Пришед в себя, употребил я оставшееся время на рассмотрение всего, что находилось в комнатах, в коих постиг смертный час героя европейского. На столе в зале лежали 3 книги - Цицероновы речи на латинском и французском языках, Сократов разговор о бессмертии души и маленькое на французском языке неизвестное сочинение под заглавием "Последние часы монарха и земледельца". Может быть, при конце жизни красноречие Цицероново разгоняло тоску мудрого страдальца. Если Сократ не уверил его в бессмертии души, то по крайней мере сам он не мог иметь сомнения насчет своей славы, и в сравнении при конце жизни государя с земледельцем имел он, может быть, утешение. Он без страха ждал смерти, и она, повинуясь определению всевышнему, пресекла жизнь Великого Фридриха в одно мгновение ока с тысячами недостойных быть, неизвестных людей. Пол в спальне обит зеленым сукном, которое было старо и все в пятнах, загаженное тремя собаками, кои завсегда при короле бывали. В приемной между двух окон стоял стол, на коем король обыкновенно писывал; на нем лежало множество перьев, из коих я одно взял с собою и берег, как вещь редкую, полагая, что оно бывало в руках, умеющих столь хорошо править государством. На столе стоял портрет без рамы императора Иосифа, а король, любя и уважая его, говаривал: "Этого молодого человека не должно терять из виду". Занавески у окон зеленые, штофные, совсем были замараны чернилами, от того, что король обтирал об них перья. Я ничего не говорю здесь о его гардеробе: он почти весь был на нем. Не было человека беспечнее и меньше пекущегося о чистоте, как Великий Фридрих. Когда ему докладывали, что не было у него рубашки, он говаривал: "Велите сшить 13 дюжин". Мундир нашивал до износу и всегда, видя, что он уже в дырах и в пятнах, с огорчением расставался с ним.

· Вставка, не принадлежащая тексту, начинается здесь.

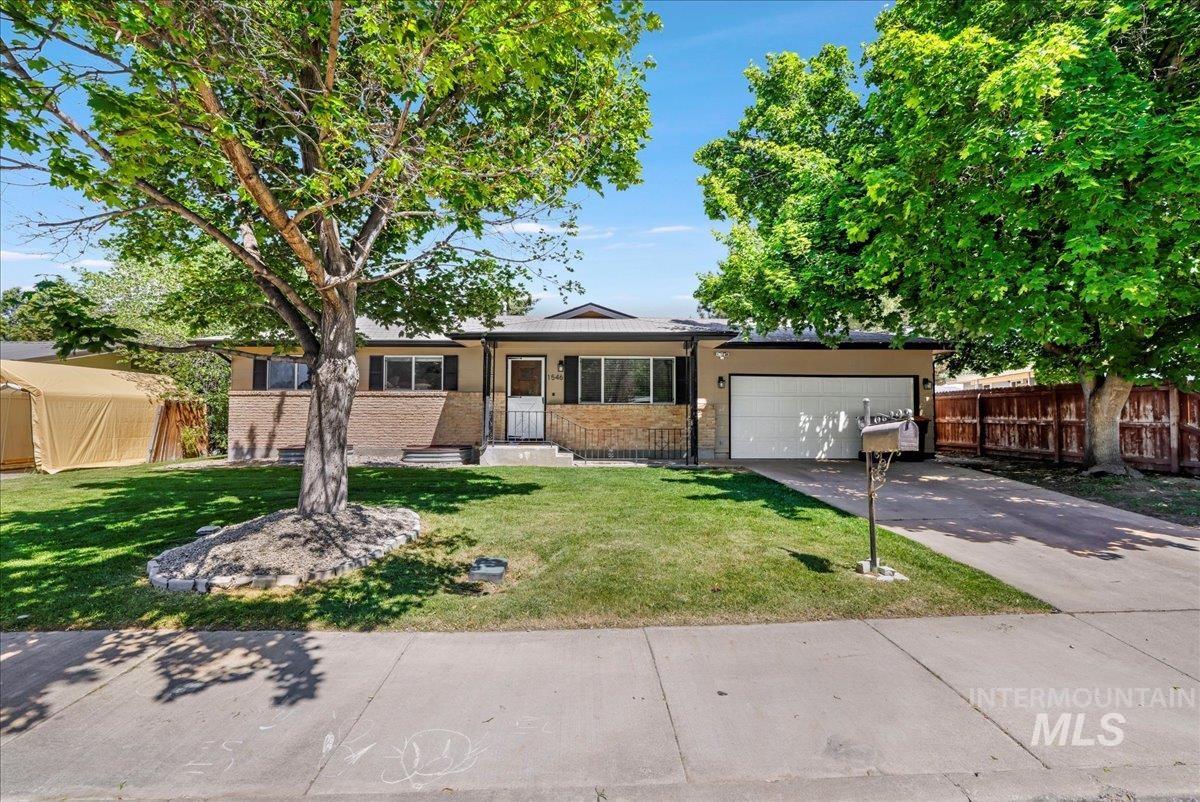 1546 Princeton Drive Property Photo 1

Швейцар пригласил меня ехать в Потсдам, где он имел исполнить некоторые препоручения. Я там сидел за столом, где обедал {В рукописи неразборчиво.}... Возвратился в Берлин, и все видел безутешно пред собою мертвого Фридриха, и думал опять видеть его пред собою, когда, возвратясь чрез два года в Сан-Суси, нашел другого короля и других людей.

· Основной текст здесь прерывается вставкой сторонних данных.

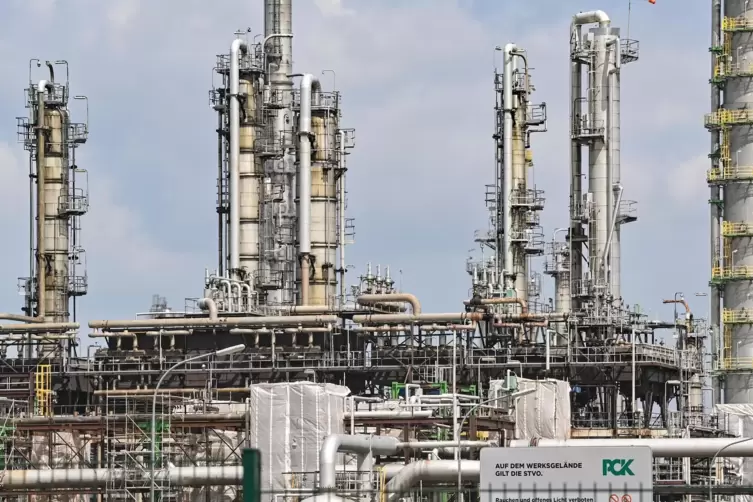 In der Erdölraffinerie PCK in Schwedt kommt Rohöl aus Russland über die Pipeline «Freundschaft» an.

Истинные и притворные охотники до древностей говорят тысячи слов и пишут сотни тяжелых книг для обнародования и выражения их отчаяния о разрушении временем и невежеством памятников древних веков. Они сокрушаются о вещах и людях, единственно им известных по преданию, и, принимая участие в великих людях и делах, стараются дать и о себе высокое мнение и обратить людское внимание. А я в себе и сам для себя сожалел о смерти Великого Фридриха; я желал, чтоб он, как и дела его, был бессмертен. Молодой воин может взять себе в пример графа Румянцева, князя Суворова; стихотворец - Ломоносова, Хераскова, Державина; государь может взять в пример того, в коем зависть и хула нашли одне лишь добродетели.

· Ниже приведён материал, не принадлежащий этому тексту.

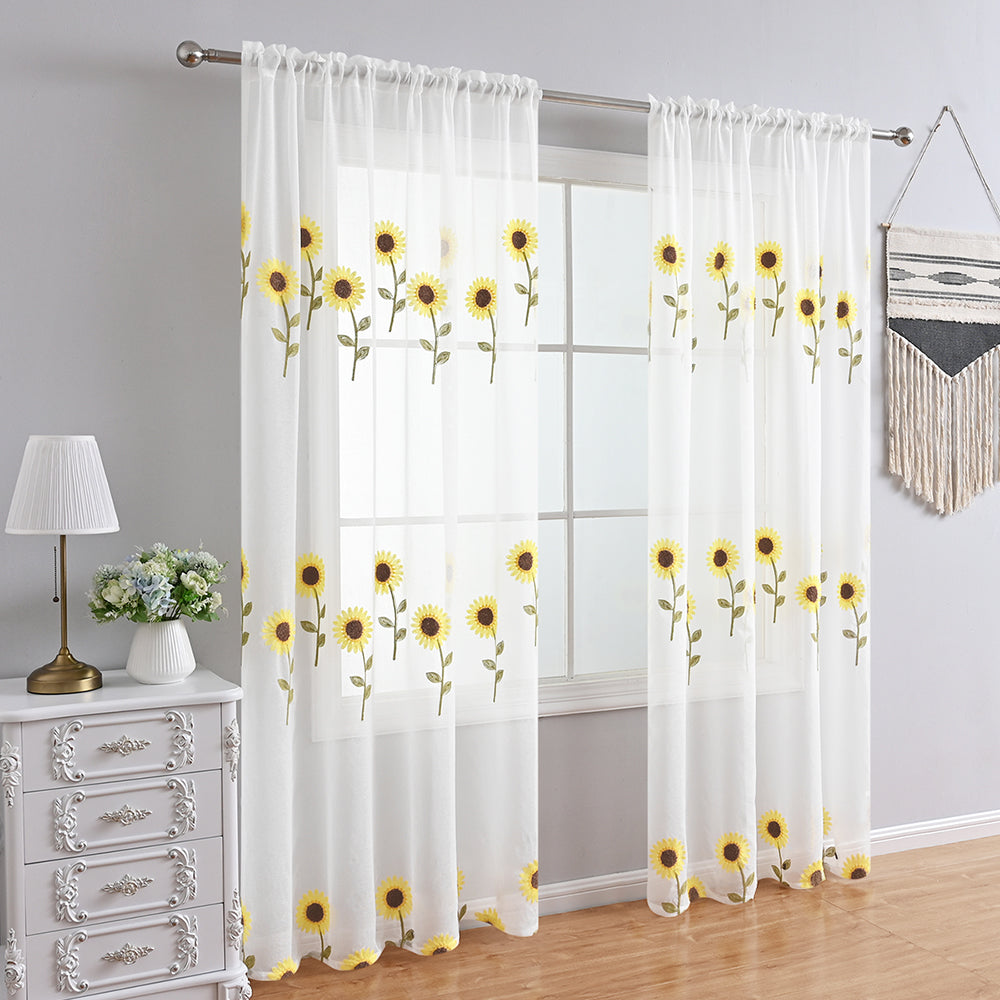 CountryBloom - Airy White Curtain with Sunflower Motif for a Farmhouse Decoration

Сей залог верности беспредельной народа к государю - источнику милостей к верноподданным, основание благоденствия, почитается первым долгом, первым жертвоприношением государю, на трон восшедшему. Здесь сей столь важный обет умов производится слишком скоро.
Скорая присяга новому государю нужна в Пруссии потому, что треть войска составлена из вербованных и силою взятых: то они и приобретают паки свободу - скорее идти на большие дороги, чем возвратиться в родительские домы.
Полки были собраны, заключили присягу. Я ожидал более чувствительности от сослуживцев Великого Фридриха, коего дела и имя служили главным украшением его войска. Но я отдам с удовольствием справедливость гг. Мелендорфу и Притвицу. Один достоинством обратил на себя внимание великого государя и возведен за услуги на вышний степень почестей военных; другой после Цорндорфской баталии, жертвуя своею жизнию, спас жизнь короля, в большой опасности от наших казаков находящегося. Король за сие, по окончании войны, наградил его большим, по-тамошнему, имением и всякий раз, когда речь бывала об опасностях, в коих во время Семилетней войны находились государство и особа его, говаривал: "Шуленберг управлял доходами и расторопностию своею умел доставлять королю деньги в самые отчаянные времена, Мелендорф спас Пруссию, а Притвиц - короля".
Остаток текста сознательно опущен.